There's nothing quite like popping the door after shut down and seeing the flight attendant looking at the both of you like you're crazy, because you were laughing all the way...
 
In seven years I've never had a captain keep his hand on the flap lever until now. Drove me nuts. But I think it drove him more nuts when I didn't say anything.
 
Syncing the heading bug every 10 seconds.

I do this. It's an old habit from mapping missions. One degree off heading would have you drifting off your line, so to this day, I feel if I'm flying a heading off my bug, I'm flying off course. Also, the wind would change over time (especially in mountainous areas), even over just a few miles/minutes. If you had your bug synced up, the first indication of shifting winds would be having to fly a heading that didn't correlate with the bug. I continue to do it now for the same reason. Not on heading bug = winds have changed.

Now on the Bro, I sync it up because you never know when the autopilot is going to do something...abnormal...and you need to flip it to heading mode, like, five seconds ago :-)
 
On the 135 side of the world, captain sits in the FBO while you (the F/O) file & check weather, get the clearance, program the box, check performance data, fuel the plane, preflight, set up the cabin and your ten minutes into this routine when the CA walks out with a cookie and says "why isn't this or that done yet, did you program my iPad??"
Sounds like you fly at Stiggy Air @mikecweb
 
I just had an FO put his hand by the flap lever and also the gear lever.

Great guy and all, but I have ~4000 hours in type, he had 200 . . . relax, I'm not planning on landing gear up. :)

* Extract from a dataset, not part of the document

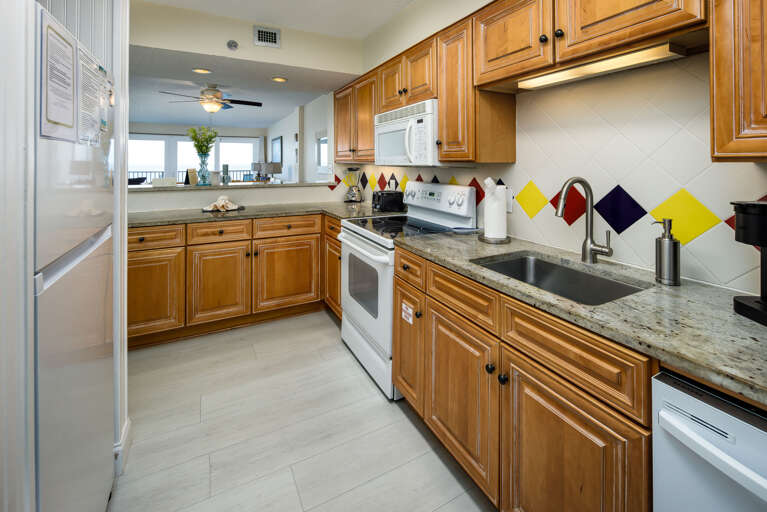 Cook a meal together in the large fully stocked kitchen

I do that sometimes, but more as a reminder for myself where we are in the checklist. Sometimes the the final flaps get called for REALLY late (but mostly legal) so I keep my hand by the flap lever to remember that the checklist isn't completed yet.
 
I do that sometimes, but more as a reminder for myself where we are in the checklist. Sometimes the the final flaps get called for REALLY late (but mostly legal) so I keep my hand by the flap lever to remember that the checklist isn't completed yet.

Yeah this was on a 10 mile final with half the flaps already out.